Lapid is appreciative that Lipman organized a Super Bowl party last Sunday night, where the two of them came and watched with the party’s American immigrant supporters. He says that even if there had not been a party, he would have stayed up all night to watch the game – and the only reason he left the party at halftime was that his wife wanted to go home to sleep.
“I’m glad we gathered our English-speaking supporters and gave them chicken wings,” he says. “Of course I watched the rest of the game at home after I left. I cheered for Seattle, even though [New England Patriots owner Robert] Kraft is a friend of Israel.”
Lapid says he is convinced Lipman will be in the next Knesset – and not because of the rumors that if Yesh Atid is in the opposition, the party’s former ministers will quit politics.

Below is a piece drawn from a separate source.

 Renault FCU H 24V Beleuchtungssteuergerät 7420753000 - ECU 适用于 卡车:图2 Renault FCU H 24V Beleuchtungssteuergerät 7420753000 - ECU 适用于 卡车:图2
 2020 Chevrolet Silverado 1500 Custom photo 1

He says the 400-people polls seen in newspapers are unprofessional, while the surveys he initiates of 1,800 people, followed by serious focus groups, tell a different story.

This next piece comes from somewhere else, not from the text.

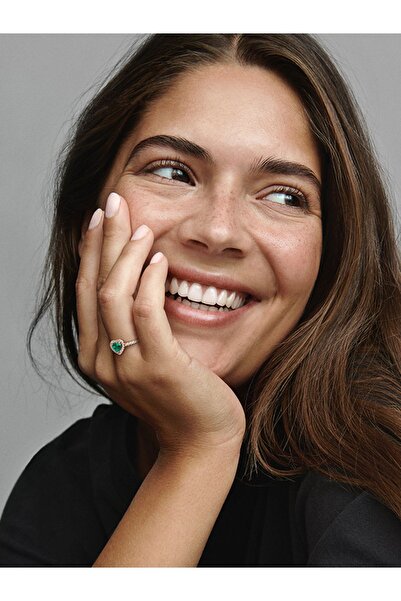 Pandora Işıltılı Yüksek Kalp Taşlı Yüzük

“Both Dov and I know that he’s going to get in, because we’ve been through it,” he says. “We know what the real polls are.”

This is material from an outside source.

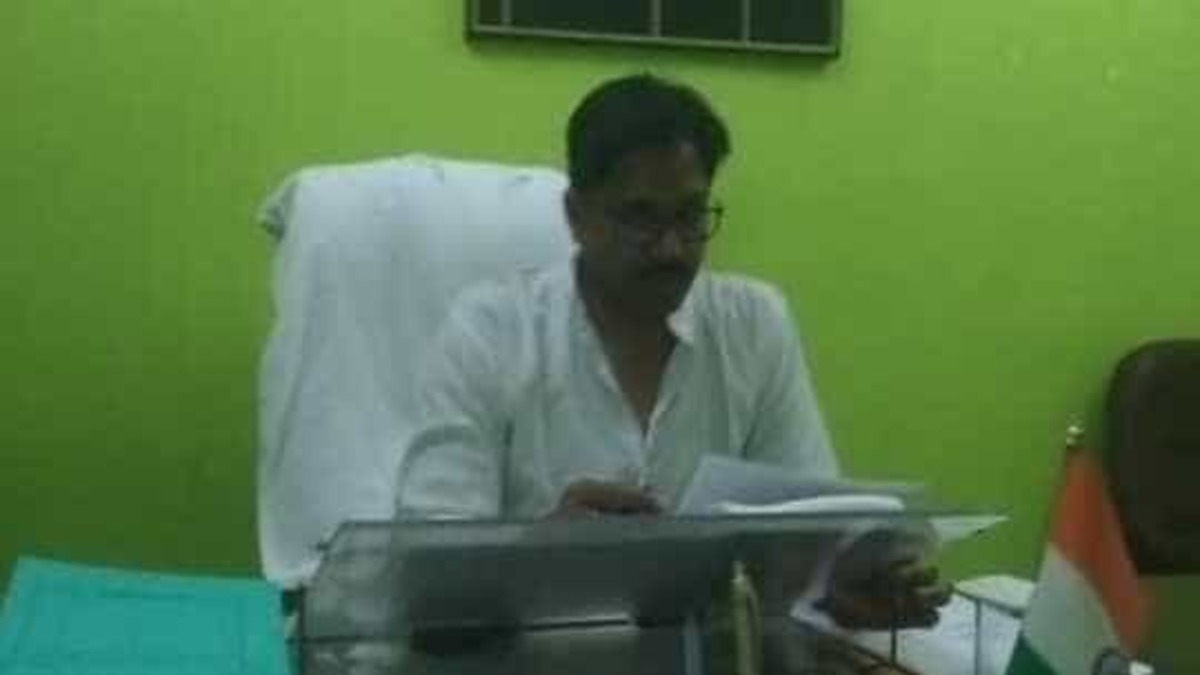 बिहार में होली पर मुर्गा बेचने के लिए लेना होगा लाइसेंस, खुले में दुकान लगाने पर पाबंदी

Lapid also praises Lipman for taking steps that have brought hundreds of haredim into the workforce.
He insists the Knesset decision that enabled haredim to seek work by ending the infamous “Torah is my trade” condition for IDF deferments will not be restored, no matter who is in the next coalition.
As for the more controversial criminal sanctions on haredi draft dodgers that Yesh Atid passed, he says the courts would prevent them from being overturned because the law of compulsory national service cannot be applied to some sectors and not others.
“The haredim just have to accept that most of what we passed is not reversible,” he says. “I think Shas knows that even if the political system tried to reverse it, the Supreme Court would reverse it and there would be rage on the Israeli streets. They are listening to the voices from the young haredim who like it that while Torah prodigies are still in the yeshivas, they can go to work and support their families.”
If the key clauses in the draft bill cannot be overturned, does that mean Yesh Atid and haredi parties can coexist in the same coalition? Lapid does not rule it out.
“I won’t play coalition games because I am living proof that it is bogus by nature,” he says. “I keep telling people instead of playing coalition games in your head, you have an opportunity to express your values and fight for them.”
Lapid points out that just like no one predicted that Yesh Atid would win 19 seats and pass a haredi conscription bill, he will surprise everyone again. He says Yesh Atid is more organized than other parties, and unlike last time, it has plenty of state-supported campaign funds to help get out the vote.
“I’ve been reading my own political obituaries since I came into politics,” he says. “We have proven them wrong before, and we will again. I will enjoy the apologies afterward.”